Earlier, analysts speculated that Greenberg's interest in the New York Times could increase pressure on company management, which has been the target of shareholder Morgan Stanley Investment Management. Morgan Stanley has asked the Times to eliminate its two classes of stock, which concentrate power in the newspaper's founding family, and make changes to its board.
Asked about the New York Post report, Times spokeswoman Catherine J. Mathis said the company had no interest in changing the so-called dual-class share structure, which cements control of the company by the Sulzberger family.
"The Ochs-Sulzberger family has given no indication of a desire to change the dual-class structure," she said.
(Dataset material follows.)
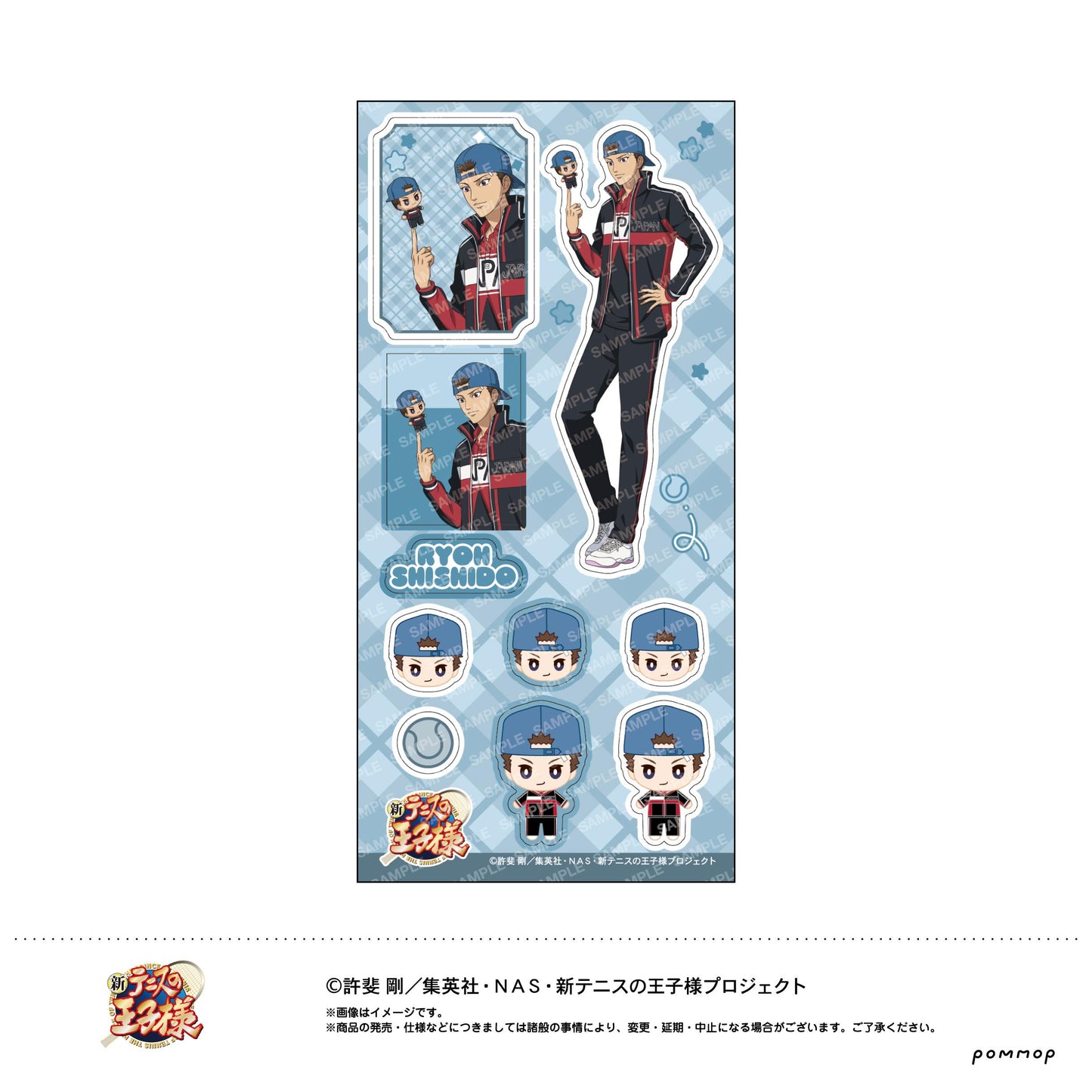 《新網球王子》(新網球王子) 換裝玩偶系列 第四彈 宍戸亮 貼紙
This was "designed to protect the editorial independence and integrity of the New York Times newspaper ... and, in these challenging times, that is what it is doing."
The report came a day after Citigroup analyst William Bird downgraded New York Times to sell from hold. He took the action as part of a report suggesting that newspapers will probably continue to see declining operating profits for about five years, until online platforms overcome print-related losses.
A number of prominent figures have expressed interest in investing in the beleaguered newspaper industry.
Jack Welch, the longtime head of General Electric Co. (GE), and other investors reportedly have sought to buy the Boston Globe from the Times.
Los Angeles billionaires Eli Broad and Ronald W. Burkle also have an interest in the Los Angeles Times, owned by Tribune.
Greenberg stepped down as chairman and chief executive of AIG, one of the world's largest insurance companies, in March 2005 after New York Attorney General Eliot Spitzer launched an investigation into the company's accounting procedures. Spitzer alleged AIG used "deception and fraud" to make its financial condition appear stronger than it was to investors.
True, this might be a false alert.
But I hope it raises the idea in conservative millionaires or billionaires, of exactly HOW they can help the conservative cause.
The media is the #1 Enemy right now in our current society. The more we can drain away their assets, the better.
I hope this puts the idea in rich conservatives, as they think of where to invest their Dollars.
I'm shopping my insurance coverage now that you mention it. Is Greenberg's company AIG?
For the last couple of quarters, the Times has paid out more in dividends than it has generated in earnings. In order to keep the trust fund babies who own the stock happy, the Times can't cut the dividend, which means that, absent some divine (or, in this case, demonic) intervention, the Times will have to gradually liquidate.